From 1c5db7397d59eace38acef078b618c2f04e4e7fe Mon Sep 17 00:00:00 2001
From: =?UTF-8?q?Jukka=20Sepp=C3=A4nen?=
 <40791699+kijai@users.noreply.github.com>
Date: Sun, 15 Mar 2026 00:36:29 +0200
Subject: [PATCH 1/4] feat: Support mxfp8 (#12907)

---
 comfy/float.py            | 36 ++++++++++++++++++++++++++++++
 comfy/model_management.py | 13 +++++++++++
 comfy/ops.py              | 19 ++++++++++++++++
 comfy/quant_ops.py        | 47 +++++++++++++++++++++++++++++++++++++++
 4 files changed, 115 insertions(+)

diff --git a/comfy/float.py b/comfy/float.py
index 88c47cd8097b..184b3d6d02ca 100644
--- a/comfy/float.py
+++ b/comfy/float.py
@@ -209,3 +209,39 @@ def roundup(x: int, multiple: int) -> int:
         output_block[i:i + slice_size].copy_(block)
 
     return output_fp4, to_blocked(output_block, flatten=False)
+
+
+def stochastic_round_quantize_mxfp8_by_block(x, pad_32x, seed=0):
+    def roundup(x_val, multiple):
+        return ((x_val + multiple - 1) // multiple) * multiple
+
+    if pad_32x:
+        rows, cols = x.shape
+        padded_rows = roundup(rows, 32)
+        padded_cols = roundup(cols, 32)
+        if padded_rows != rows or padded_cols != cols:
+            x = torch.nn.functional.pad(x, (0, padded_cols - cols, 0, padded_rows - rows))
+
+    F8_E4M3_MAX = 448.0
+    E8M0_BIAS = 127
+    BLOCK_SIZE = 32
+
+    rows, cols = x.shape
+    x_blocked = x.reshape(rows, -1, BLOCK_SIZE)
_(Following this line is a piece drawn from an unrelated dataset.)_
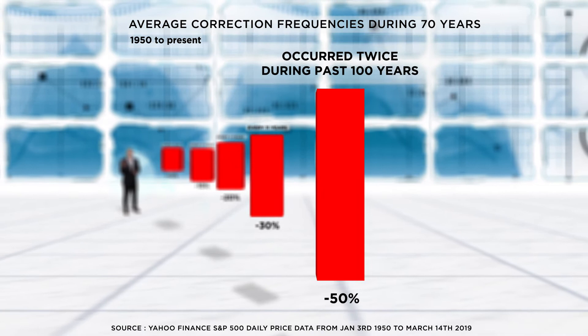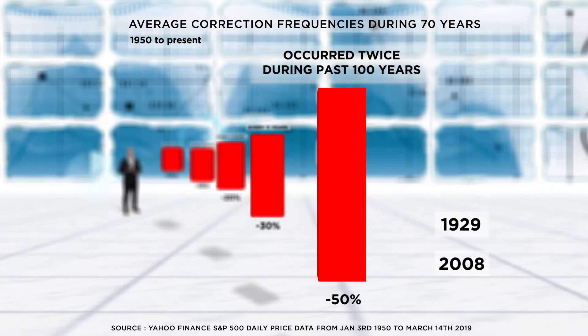Major corrections of 50% have occurred only twice in the last century — 1929 and, as most of you remember, in 2008.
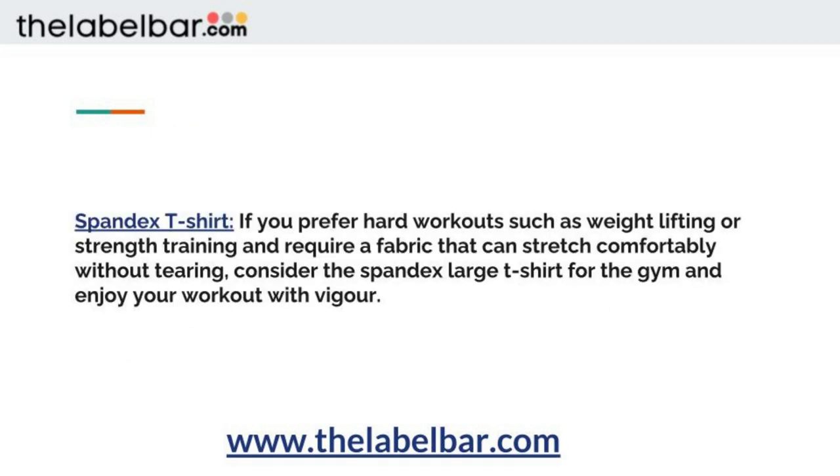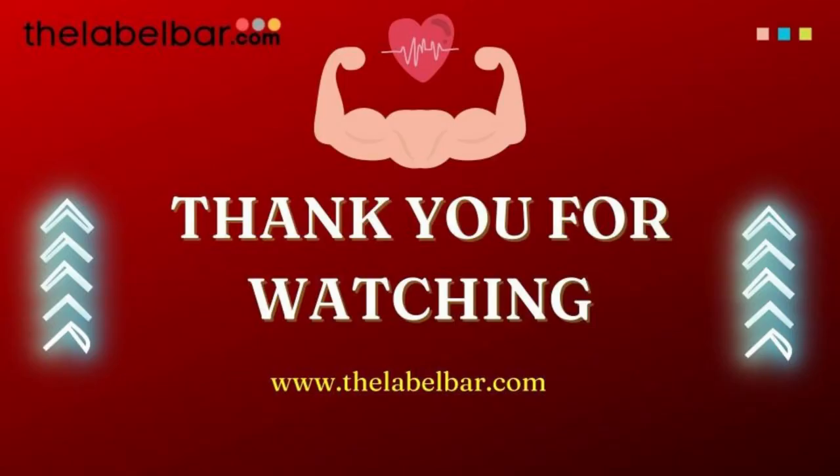Spandex t-shirt. If you prefer hard workouts such as weightlifting or strength training and require a fabric that can stretch comfortably without tearing, consider the spandex t-shirt for the gym and enjoy your workout with vigor. Thank you for watching this video.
+    max_abs = torch.amax(torch.abs(x_blocked), dim=-1)
+
+    # E8M0 block scales (power-of-2 exponents)
+    scale_needed = torch.clamp(max_abs.float() / F8_E4M3_MAX, min=2**(-127))
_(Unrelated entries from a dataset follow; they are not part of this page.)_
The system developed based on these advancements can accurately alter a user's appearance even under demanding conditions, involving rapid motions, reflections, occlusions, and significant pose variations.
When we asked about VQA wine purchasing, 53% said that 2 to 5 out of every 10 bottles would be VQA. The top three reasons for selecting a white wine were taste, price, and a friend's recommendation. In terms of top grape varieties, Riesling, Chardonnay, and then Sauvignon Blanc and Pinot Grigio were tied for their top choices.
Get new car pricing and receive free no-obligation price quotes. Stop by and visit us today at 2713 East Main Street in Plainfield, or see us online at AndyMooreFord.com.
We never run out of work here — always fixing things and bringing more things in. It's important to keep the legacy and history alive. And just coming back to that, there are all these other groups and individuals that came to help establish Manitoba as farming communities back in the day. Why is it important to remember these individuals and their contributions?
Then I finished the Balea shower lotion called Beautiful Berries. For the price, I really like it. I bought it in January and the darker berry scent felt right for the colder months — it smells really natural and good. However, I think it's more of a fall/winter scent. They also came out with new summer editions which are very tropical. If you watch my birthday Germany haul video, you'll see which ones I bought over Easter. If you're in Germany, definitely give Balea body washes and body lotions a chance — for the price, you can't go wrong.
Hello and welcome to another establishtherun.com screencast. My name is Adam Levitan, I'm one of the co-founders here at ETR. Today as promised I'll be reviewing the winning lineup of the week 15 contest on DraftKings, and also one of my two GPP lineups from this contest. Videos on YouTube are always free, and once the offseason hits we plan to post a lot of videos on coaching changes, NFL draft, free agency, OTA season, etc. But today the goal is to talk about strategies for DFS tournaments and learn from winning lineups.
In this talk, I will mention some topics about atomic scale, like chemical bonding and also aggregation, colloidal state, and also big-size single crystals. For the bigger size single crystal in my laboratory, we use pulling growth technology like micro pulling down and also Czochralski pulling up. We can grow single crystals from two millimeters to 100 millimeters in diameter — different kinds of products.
+    exp_biased = torch.clamp(torch.ceil(torch.log2(scale_needed)).to(torch.int32) + E8M0_BIAS, 0, 254)
+    block_scales_e8m0 = exp_biased.to(torch.uint8)
+
+    zero_mask = (max_abs == 0)
+    block_scales_f32 = (block_scales_e8m0.to(torch.int32) << 23).view(torch.float32)
+    block_scales_f32 = torch.where(zero_mask, torch.ones_like(block_scales_f32), block_scales_f32)
+
+    # Scale per-block then stochastic round
+    data_scaled = (x_blocked.float() / block_scales_f32.unsqueeze(-1)).reshape(rows, cols)
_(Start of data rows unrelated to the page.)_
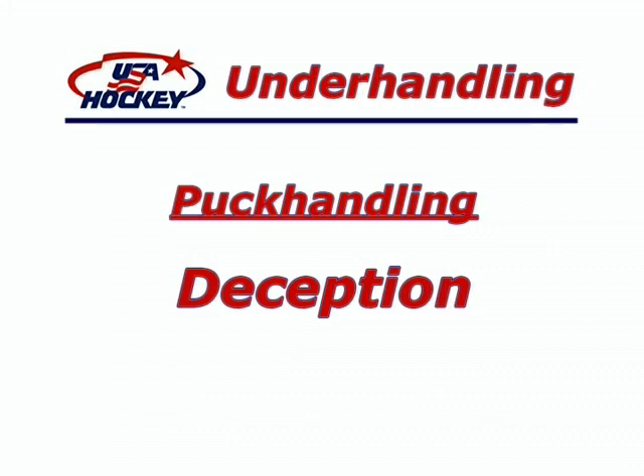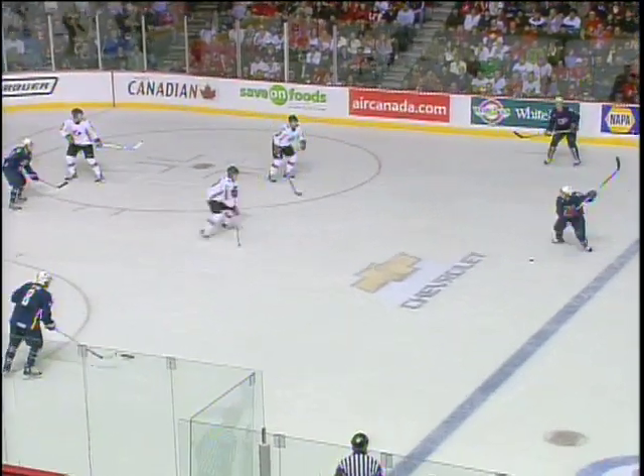The last area that the underhandling concept can improve is in deception. Fakes don't always require more stick handling. Watch the efficiency of these deceptive plays.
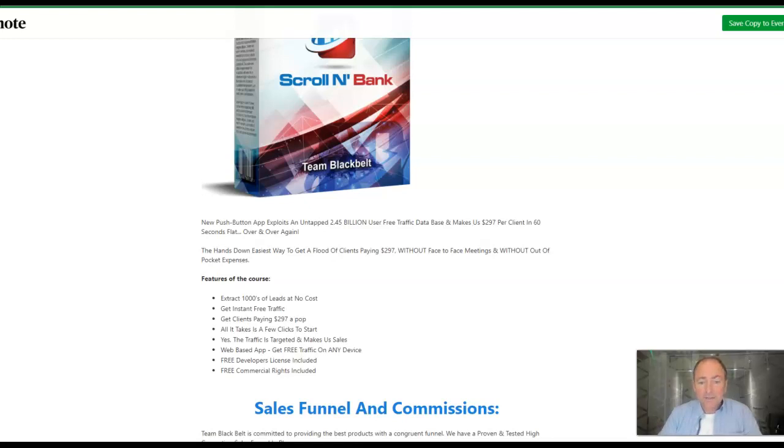It says: extract thousands of leads at no cost, get instant free traffic, get clients paying $297 a pop, all it takes is a few clicks to start, the traffic is targeted, web-based app, get free traffic on any device, free developer's license included, free commercial rights included. So you're going to be providing a service to businesses, small businesses, et cetera.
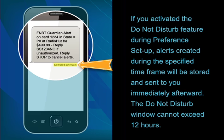If you activated the Do Not Disturb feature during preference setup, alerts created during the specified timeframe will be stored and sent to you immediately afterward. The Do Not Disturb window cannot exceed 12 hours.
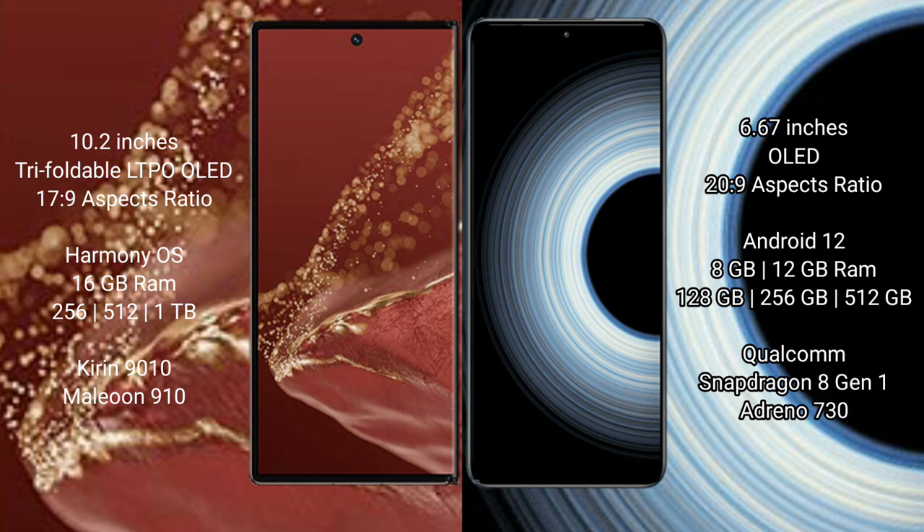Huawei Mate XT Ultimate comes with 16GB RAM and 256GB, 512GB, or 1TB internal storage options, powered by the Kirin 9010 processor with GPU Mali-G910.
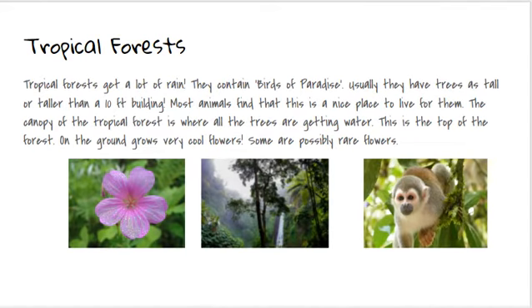Tropical forests get a lot of rain. They contain birds of paradise. Usually they have trees as tall or taller than a ten-foot building.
+    output_fp8 = stochastic_rounding(data_scaled, torch.float8_e4m3fn, seed=seed)
+
+    block_scales_e8m0 = torch.where(zero_mask, torch.zeros_like(block_scales_e8m0), block_scales_e8m0)
+    return output_fp8, to_blocked(block_scales_e8m0, flatten=False).view(torch.float8_e8m0fnu)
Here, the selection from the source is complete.